Like that of many NHL prospects, the experience of Dustin Tokarski wasn’t too different from his fellow competitors. Start in juniors, move up to the AHL, leap to the NHL. But what does set the Lightning goaltending prospect apart is not his progression as a player, but that of what he has accomplished.
Tokarski, 20, is generally regarded as the Lightning’s top prospect in the their minor league system, despite being a late fifth-round draft pick, 122nd overall, in 2008. He has known hockey all his life, but did not seriously consider mastering the position of goaltender until he was 13-years-old, just four years before making his junior league debut in net for the Spokane Chiefs of the Western Hockey League. Yet, from an outsider’s viewpoint, consideration of his late decision to man the crease followed by early success only compliments his growing, yet already impressive resume.
“I was always a forward growing up who could score goals, but I often found myself playing in a defensive position and blocking a lot of shots,” Tokarski said. “I thought it was fun, so I decided to put both of them together. My love for goaltending was kind of born out of that.”
Prior to arriving in Norfolk this past season, in which he capped his highly anticipated professional debut with 27 wins and a .915 save percentage after logging more than 3,000 minutes, Tokarski led Spokane to the 2008 Memorial Cup and was also named the top goaltender as well as most valuable player of the tournament. He continued his success just a year later by backstopping Team Canada to its fifth consecutive gold medal at the 2009 World Junior Championships, turning back 39 of 40 shots in the Gold Medal Game.
That same string of achievements signals a positive elevation through the hockey ranks, but it also doubles as a hopeful sign for additional good fortune to continue in the future.
“I really want to train hard over the summer, get my body in good shape, and try and earn a spot on the team,” Tokarski said. “My goal is to make it to the NHL and I’m going to do whatever it takes to get there.”
Hardly surprising, however, is the fact that Tokarski has already been there. The Watson, Saskatchewan native made his NHL debut in relief on January 16 at Florida, playing 20 minutes and stopping all five shots faced.
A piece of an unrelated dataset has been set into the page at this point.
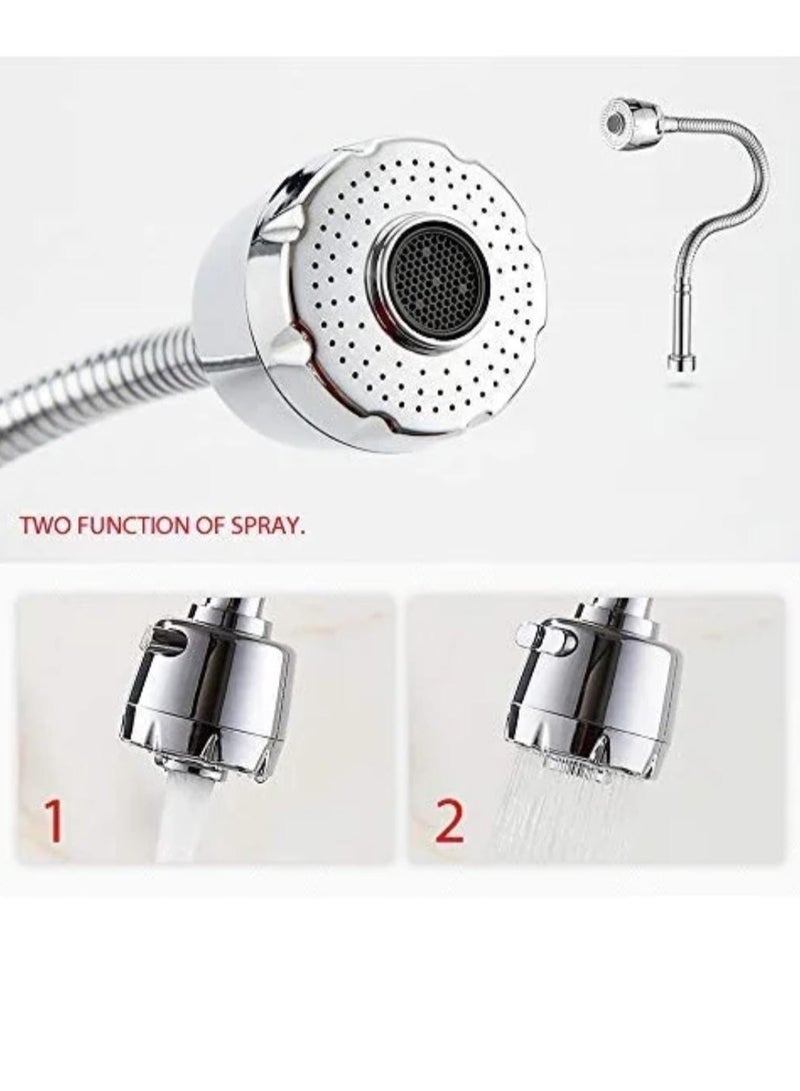 HA Flexible 360° Rotating Kitchen Sink Faucet Tap – Stainless Steel, Splash-Proof Nozzle, Easy to Install - Image 4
Tokarksi’s impressive premiere was enough to earn him a second appearance just three days later at Madison Square Garden, as he made eight saves while channeling childhood hero Henrik Lundqvist from across the ice as the Lightning faced off against the Rangers.
“It was awesome,” Tokarski recalled. “Everything about it was a blast, and for me it was a dream come true. My junior career was good. The AHL was definitely a step up. Then the NHL was another step. So I think there were a few learning curves and some things I needed to adjust in my game, but overall I think I was in a decent groove.”
Tokarski’s NHL transition was eased somewhat by a solid defensive group surrounding him, consisting of veteran Mattias Ohlund, standout rookie Victor Hedman and Mike Lundin, whose familiar presence in front of the net provided a degree of solace for Tokarski after the two had spent time with the Admirals before Lundin’s recall to Tampa Bay.
Even so, Tokarski has benefitted from facing talent at the NHL level, where a large majority of shooters are often seasoned pros more than capable of picking apart even the most talented goaltending prospects.
“Overall, the NHL is just a better league,” Tokarski admitted. “Players are bigger, stronger, faster, smarter and it forces you to adapt to better skill sets. Especially as a goaltender, you just have to be ready for anything.”
Including being named as one of hockey’s elite young stars.